- [DESCRIPTION OF THE TASK]
Output all the data exactly. Pictures do not belong in the copy.

- [SOURCE MATERIAL]
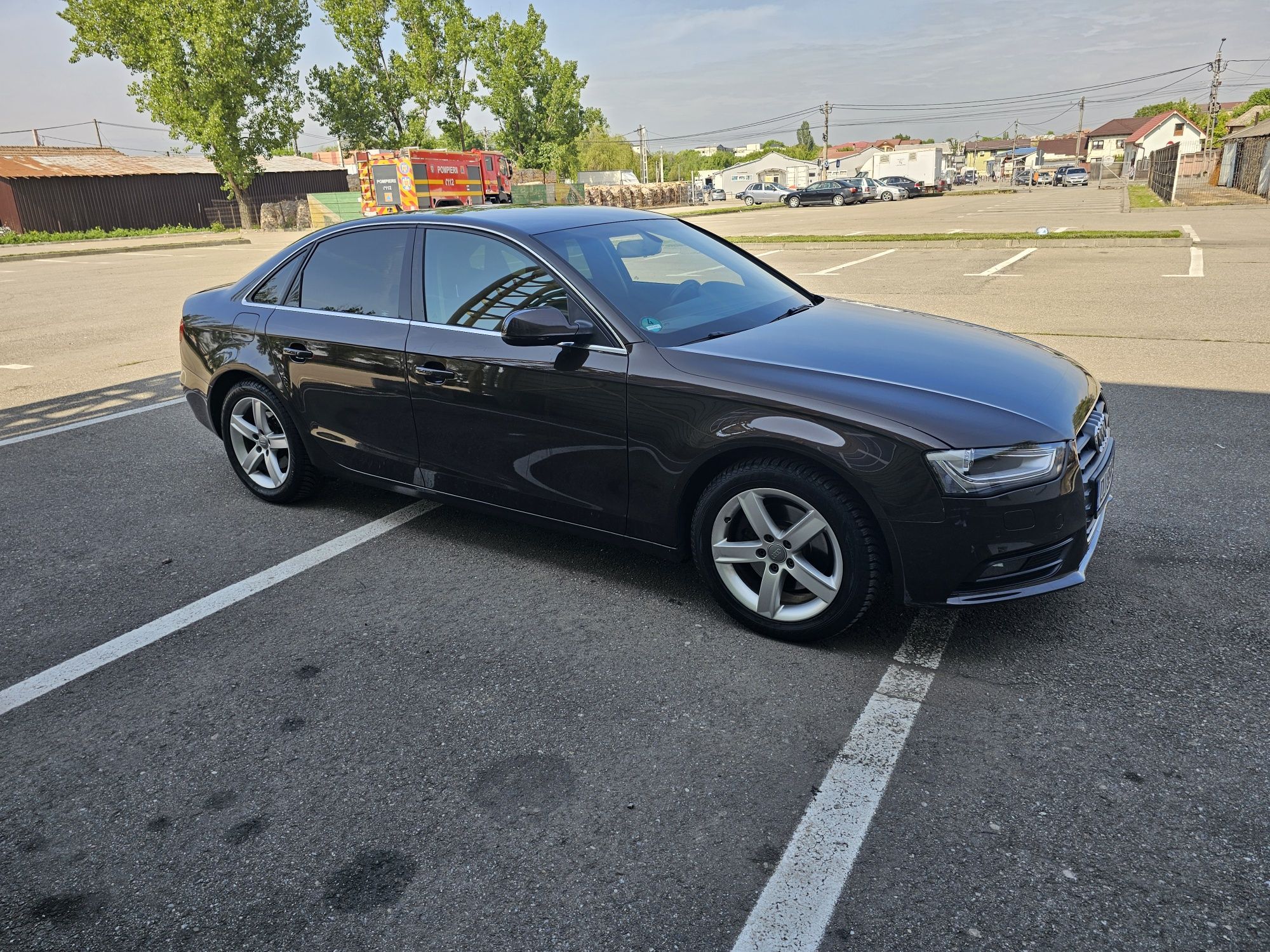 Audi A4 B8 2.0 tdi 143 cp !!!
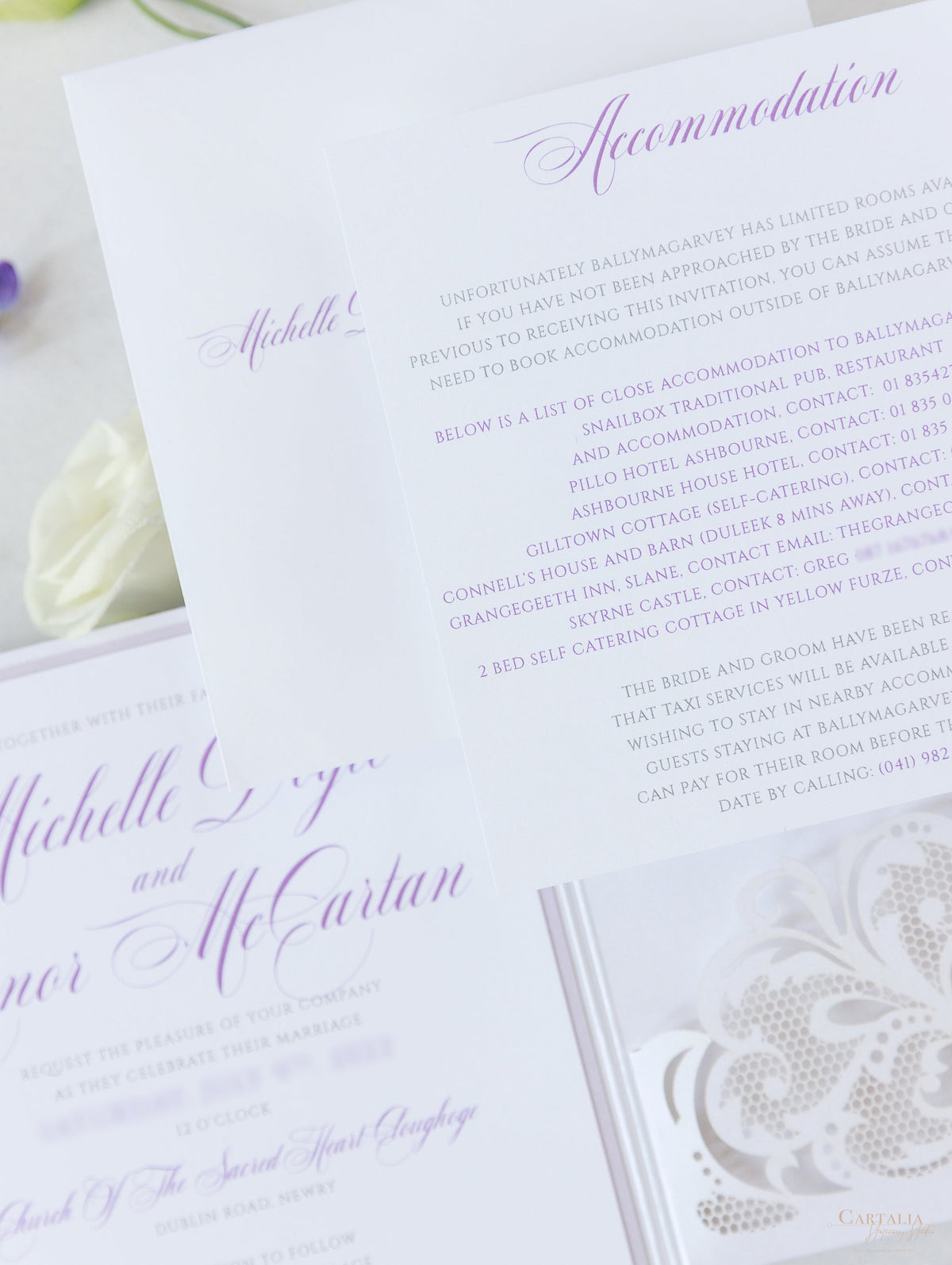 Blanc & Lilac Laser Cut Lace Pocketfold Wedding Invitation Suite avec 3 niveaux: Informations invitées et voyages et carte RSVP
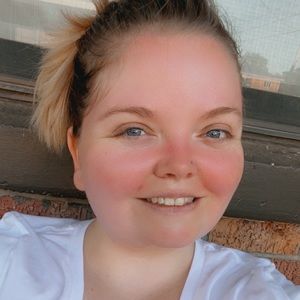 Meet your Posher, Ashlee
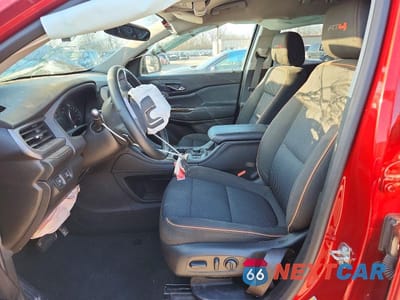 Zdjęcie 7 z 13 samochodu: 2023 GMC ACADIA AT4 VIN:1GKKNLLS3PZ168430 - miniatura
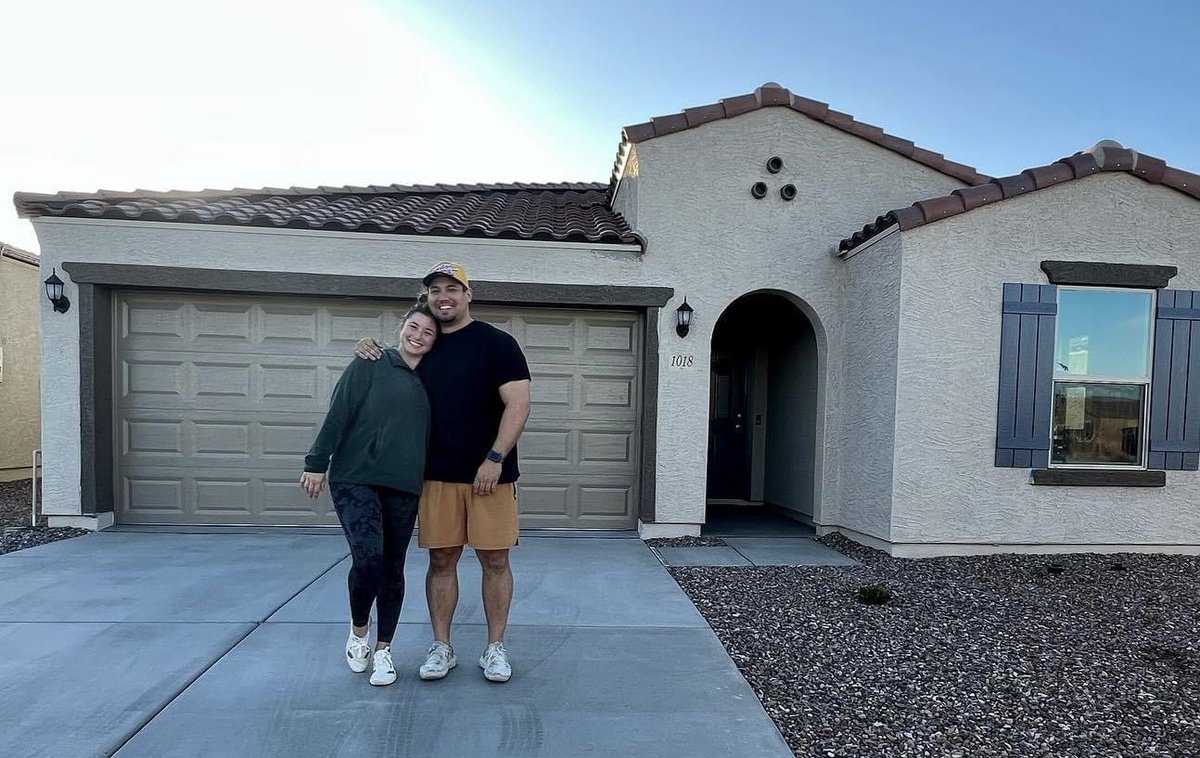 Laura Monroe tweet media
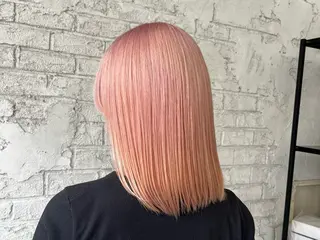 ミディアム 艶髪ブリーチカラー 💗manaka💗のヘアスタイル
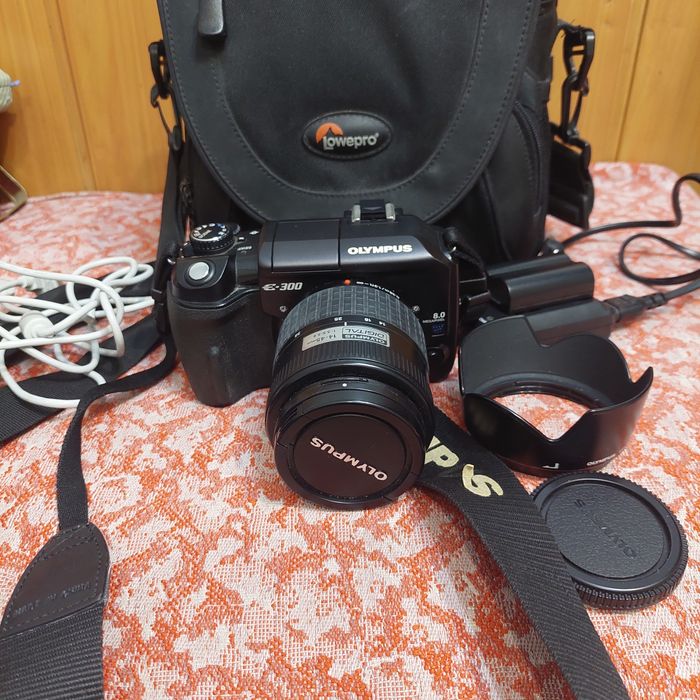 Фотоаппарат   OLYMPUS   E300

- [ANSWER SPACE]
 Audi A4 B8 2.0 tdi 143 cp !!!
 Blanc & Lilac Laser Cut Lace Pocketfold Wedding Invitation Suite avec 3 niveaux: Informations invitées et voyages et carte RSVP
 Meet your Posher, Ashlee
 Zdjęcie 7 z 13 samochodu: 2023 GMC ACADIA AT4 VIN:1GKKNLLS3PZ168430 - miniatura
 Laura Monroe tweet media
 ミディアム 艶髪ブリーチカラー 💗manaka💗のヘアスタイル
 Фотоаппарат   OLYMPUS   E300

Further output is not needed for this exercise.